We propose building a data warehouse relational database with a design and an operational approach optimized for queries. Data from all the source systems is loaded into the warehouse through a process of extraction, transformation, and loading (ETL). The data warehouse uses a dimensional model, where related numeric measures are grouped into fact tables, and descriptive attributes are grouped into dimension tables that can be used to analyze the facts.
A separate OLAP database that stores and presents information in a multidimensional format is built on top of the data warehouse. An OLAP cube includes precalculated summaries called aggregates that are created when the data is loaded from the data warehouse and that can radically improve the response times for many queries.
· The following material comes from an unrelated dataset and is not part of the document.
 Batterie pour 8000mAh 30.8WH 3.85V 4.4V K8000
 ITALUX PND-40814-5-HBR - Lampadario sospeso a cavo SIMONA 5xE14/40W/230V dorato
We also looked at some of the key concepts in dimensional modeling. A hierarchy is a set of attributes grouped together to provide a drilldown path for users. In a snowflake dimension design, the dimension is stored as several separate related tables, and we often recommend taking this approach when it will improve the performance or maintainability of the data-loading process. We recommend using surrogate keys for every dimension table, which are generated integer values that have no meaning outside the data warehouse.
We also covered some of the potential pitfalls of BI projects. Some of the key areas to focus on are making sure the business is involved and using an iterative approach that actually delivers value along the way. We recommend that BI project teams pay careful attention to issues of data quality.